Teori Kritis dalam Teori Sosial

Teori kritis memposisikan faktor ekonomi sebagai faktor penentu jalannya dunia sosial dan hadir sebagai kritik terhadap pemikiran sosiologi klasik. Teori ini ternyata tidak masuk dalam klasifikasi teori sosiologi, melainkan tergolong ke teori sosial.

Dalam artian, teori ini sifatnya multidisiplin dan bukan produk murni keilmuan sosiologi. Untuk mengetahui seperti apa kajian dalam teori kritis, berikut ini rangkuman penjelasannya.

Berbagai Kritik Teori Kritis

Berbagai Kritik Teori Kritis
Sumber: Freepik.com

Meskipun di awal kemunculannya teori kritis mengkritik pemikiran Karl Marx, tetapi teori kritis juga menyampaikan kritik pada berbagai elemen dunia sosial. Disamping itu, teori ini juga menyasar pemikiran tokoh-tokoh intelektual selain Marx. Secara garis besar, teori kritis turut mengkritik konsep-konsep seperti sosiologi, positivisme, budaya, hingga masyarakat modern.

Kritik terhadap Positivisme

Teori kritis mengajukan kritik terhadap argumen utama positivisme yang menyatakan bahwa dunia sosial diatur oleh sejumlah hukum sosial yang bersifat pasti, mirip dengan hukum alam. Dalam pandangan teori kritis, positivisme menggambarkan manusia sebagai aktor yang pasif, di mana semua tindakannya ditentukan oleh hukum sosial ini.

Konsekuensinya, positivisme dianggap tidak memiliki kemampuan untuk menciptakan perubahan. Sebaliknya, daripada menantang sistem sosial yang dianggap tidak adil, positivisme akan mengklaim bahwa ketidakadilan adalah bagian yang tidak dapat dihindarkan dari hukum sosial yang bersifat pasti.

Kritik terhadap Sosiologi

Teori kritis mengkritik sosiologi sebagai cabang ilmu yang terlalu fokus pada metodologi, sehingga melupakan tujuan utamanya, yaitu “menciptakan masyarakat yang adil dan manusiawi”.

Layaknya kritik teori kritis terhadap positivisme, sosiologi dituding terlalu pasif, dan tidak memiliki keseriusan untuk membawa perubahan. Selain itu, kecenderungan sosiologi untuk membahas sebuah fenomena dari sudut makro (masyarakat) dinilai telah mengesampingkan posisi individu dalam dunia sosial.

Kritik terhadap Masyarakat Modern

Teori kritis melihat bahwa perkembangan teknologi, yang seharusnya membuat masyarakat modern menjadi lebih kritis, justru malah membuat mereka kehilangan kemampuan untuk berpikir kritis.

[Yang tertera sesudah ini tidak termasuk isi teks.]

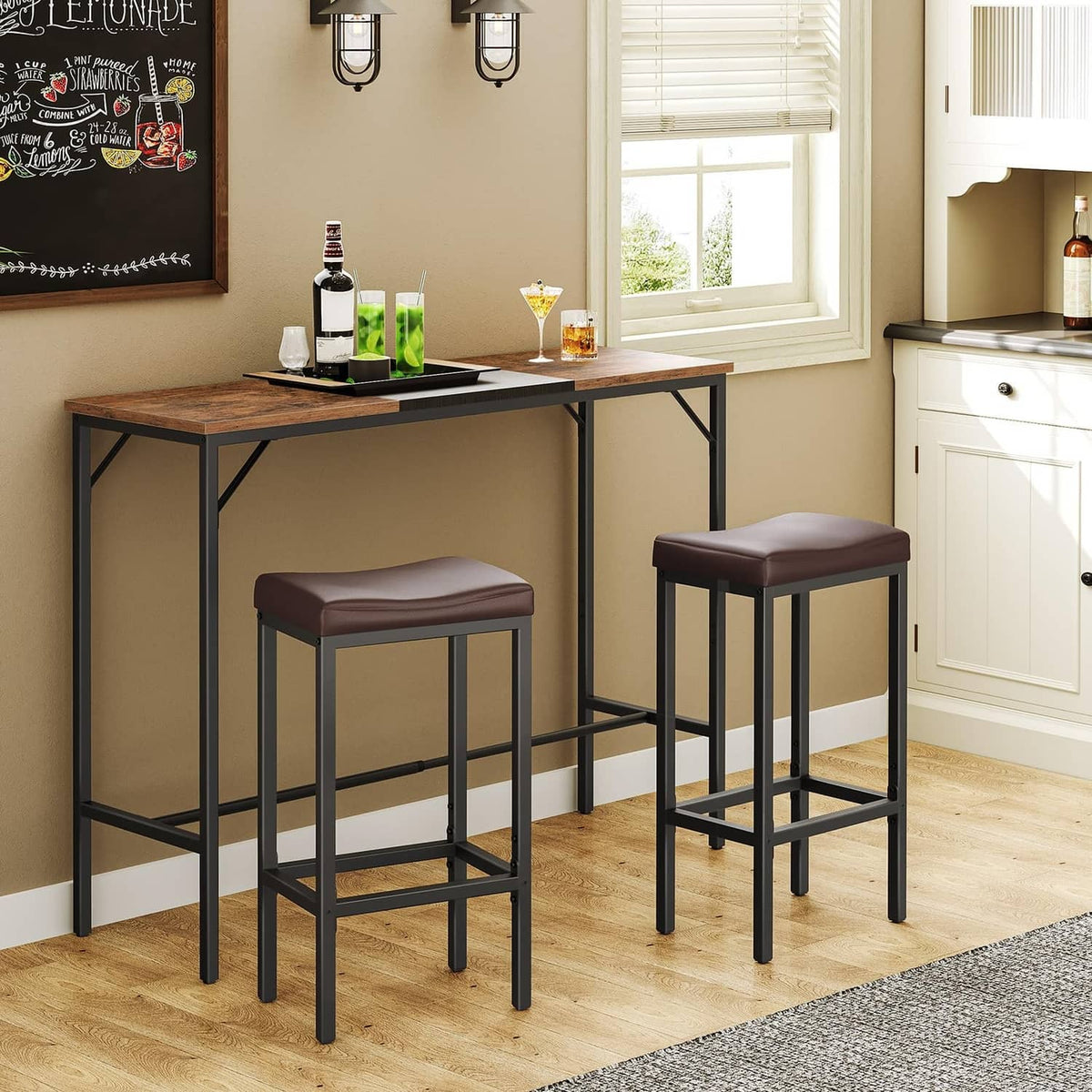 Two bar stools with dark brown cushioned seats and black frames near a kitchen counter.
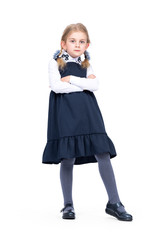 Little confident girl schoolgirl in uniform isolated on white background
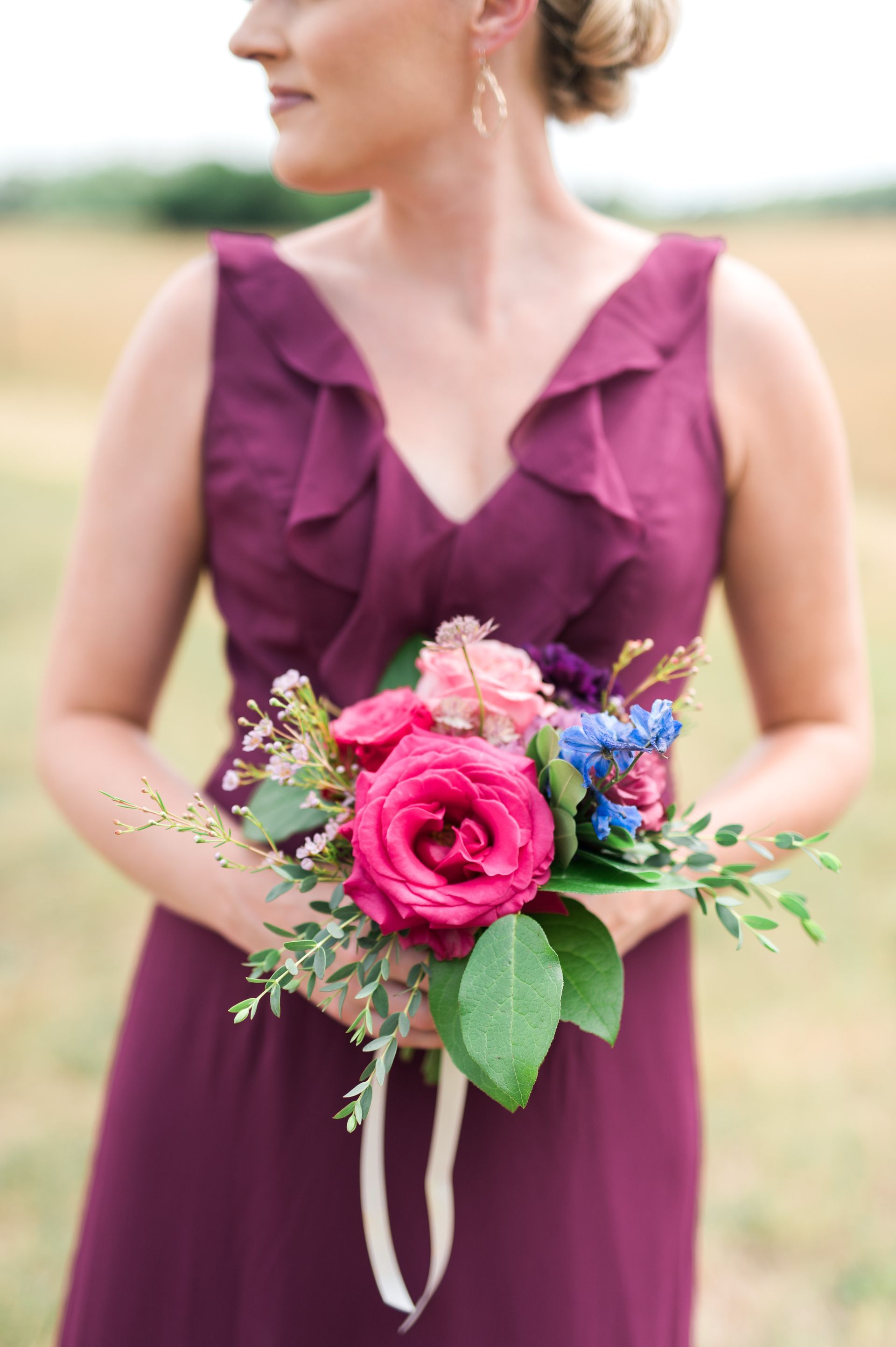 A woman in a purple dress is holding a bouquet of flowers.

Bagi teori kritis, inovasi-inovasi di bidang teknologi (seperti kehadiran televisi dan internet) digunakan sebagai alat oleh para pemilik modal untuk menjinakkan masyarakat. Teori kritis menyatakan bahwa alih-alih didominasi secara ekonomi, masyarakat modern justru didominasi secara kultural, lewat bantuan inovasi-inovasi teknologi tersebut.

Kritik terhadap Budaya

Teori kritis memandang budaya (dalam kasus ini, budaya masyarakat modern) sebagai sesuatu yang palsu, dan diproduksi secara massal oleh media. Tujuan utama dari produksi budaya secara massal ini adalah, seperti yang telah dijelaskan dalam poin sebelumnya, untuk mengatur dan menjinakkan masyarakat.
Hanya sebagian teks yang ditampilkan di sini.